Documentation — avacli

Getting Started

Install the client and send your first message

Install via APT (Debian / Ubuntu)

Add the signing key, source list, and install in one flow:

sudo mkdir -p /etc/apt/keyrings
curl -fsSL https://packages.avalynn.ai/key.gpg | sudo gpg --dearmor -o /etc/apt/keyrings/avalynn.gpg
echo "deb [arch=amd64 signed-by=/etc/apt/keyrings/avalynn.gpg] https://packages.avalynn.ai stable main" | sudo tee /etc/apt/sources.list.d/avalynn.list
sudo apt update && sudo apt install avacli

Install from tarball

Download the tarball for your architecture from the Download page, then extract and run the installer:

tar xzf avacli-latest-linux-x86_64.tar.gz
cd avacli-*
sudo ./install.sh

Connect xAI

Open-source avacli talks to the xAI API directly. Add your key once via CLI or the Settings page in the web UI:

API key avacli --set-api-key xai-YOUR_KEY

Stored under ~/.avacli/config.json. Alternatively set XAI_API_KEY in the environment.

Start the web UI

Launch the local agent interface in your browser:

Web UI avacli serve

Default bind http://0.0.0.0:8080 (override with --host / --port). Run avacli --generate-master-key once to set the admin password.

CLI chat

Send a one-shot prompt without starting the web UI:

Chat avacli chat "hello"

Sends the message and prints the agent response to stdout (requires API key).

Client Configuration

Modes, keys, workspace, and model selection

Web UI configuration

Most settings can also be configured through the built-in web UI at http://localhost:8080 (or your chosen port). Open the Settings page in the sidebar to set your API key, choose a model, configure billing, and change the workspace directory — no CLI flags required.

Direct xAI usage

avacli always uses the xAI API with your own key (CLI, environment, or Settings in the web UI). It does not proxy chat through the Avalynn platform or consume platform tokens.

Setting API keys

Ways to provide your xAI key to avacli:

xAI key avacli --set-api-key xai-xxxxxxxxxxxx

Saves to ~/.avacli/config.json.

Environment export XAI_API_KEY=xai-xxxxxxxxxxxx

Takes precedence when set.

Web UI Settings → API key

Persisted under ~/.avacli/ alongside other preferences.

Workspace directory

Point the agent at a specific project directory for file operations and code analysis:

Workspace avacli --workspace /home/user/my-project serve

Short form: -d /path. The agent scopes file reads and writes to this directory.

Port configuration

Override the default web UI port (8080):

Custom port avacli serve --port 9090

The web UI will be available at http://localhost:9090 (or your host bind).

Model selection

Choose which xAI model to use for completions:

Model avacli --model grok-4-1-reasoning serve

Use avacli --list-models to see all available models.

Agent Capabilities

What the agent can do

File operations

The agent can read, write, and search files within the configured workspace. It respects .gitignore patterns and applies size limits to prevent reading excessively large files.
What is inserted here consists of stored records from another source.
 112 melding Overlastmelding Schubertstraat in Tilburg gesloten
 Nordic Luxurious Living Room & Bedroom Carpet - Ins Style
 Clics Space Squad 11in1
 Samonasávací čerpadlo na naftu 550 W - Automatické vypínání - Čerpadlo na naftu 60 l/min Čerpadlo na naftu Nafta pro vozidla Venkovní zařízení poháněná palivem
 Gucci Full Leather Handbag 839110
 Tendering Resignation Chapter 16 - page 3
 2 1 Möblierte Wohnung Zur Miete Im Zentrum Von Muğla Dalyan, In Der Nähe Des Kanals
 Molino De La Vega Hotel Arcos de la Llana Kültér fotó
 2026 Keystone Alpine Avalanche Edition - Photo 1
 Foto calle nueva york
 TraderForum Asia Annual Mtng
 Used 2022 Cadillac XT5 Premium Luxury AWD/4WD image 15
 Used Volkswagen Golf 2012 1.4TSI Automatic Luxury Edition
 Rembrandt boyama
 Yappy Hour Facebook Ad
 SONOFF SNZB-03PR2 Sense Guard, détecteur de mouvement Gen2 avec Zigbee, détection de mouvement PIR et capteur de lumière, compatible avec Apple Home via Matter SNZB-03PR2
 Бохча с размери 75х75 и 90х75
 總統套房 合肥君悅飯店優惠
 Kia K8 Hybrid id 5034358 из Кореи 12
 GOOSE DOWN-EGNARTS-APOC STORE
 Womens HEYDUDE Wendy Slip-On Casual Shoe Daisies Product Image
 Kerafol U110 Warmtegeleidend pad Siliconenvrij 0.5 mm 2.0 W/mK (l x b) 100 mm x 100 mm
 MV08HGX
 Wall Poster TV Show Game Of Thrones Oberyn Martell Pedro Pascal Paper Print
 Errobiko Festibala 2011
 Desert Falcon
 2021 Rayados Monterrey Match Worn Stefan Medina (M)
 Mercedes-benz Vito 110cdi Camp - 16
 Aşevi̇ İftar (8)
Code analysis & project awareness

When pointed at a project directory, the agent indexes the file tree and understands project structure, dependencies, and language-specific patterns. It can navigate codebases, find definitions, and suggest contextual edits.

Streaming responses with reasoning

Responses stream token-by-token in real time. When the model uses extended thinking, the reasoning trace is displayed in a collapsible block above the final answer so you can follow the agent's chain of thought.

Tool execution pipeline

The agent follows a tool-use loop: it receives your message, decides which tools to invoke (file read, file write, search, shell commands), executes them, and feeds the results back into the model for the next step. This continues until the task is complete or the model decides no more tool calls are needed.

Available tools (50+)

The agent has access to the following tools, grouped by category. Availability depends on the active mode — see the mode table below.

Files, search, & memory (Question / Plan modes):

Tool	Description
`read_file`	Read the contents of a file (optionally by line range).
`write_file`	Create a new file or overwrite an existing one.
`edit_file`	Apply search-and-replace edits to a file.
`undo_edit`	Revert the last edit made to a file.
`list_directory` / `glob_files`	List or glob files in the workspace.
`search_files`	Search file contents for a pattern.
`read_url` / `web_search` / `x_search`	Fetch URLs or search the web / X in real time via xAI.
`add_memory` / `search_memory` / `forget_memory`	Persistent session memory across turns.
`read_todos` / `create_update_todo`	Manage the agent’s to-do list.
`read_project_notes`	Read `GROK_NOTES.md` + session memory for context.
`ask_user`	Prompt the user for clarification or confirmation.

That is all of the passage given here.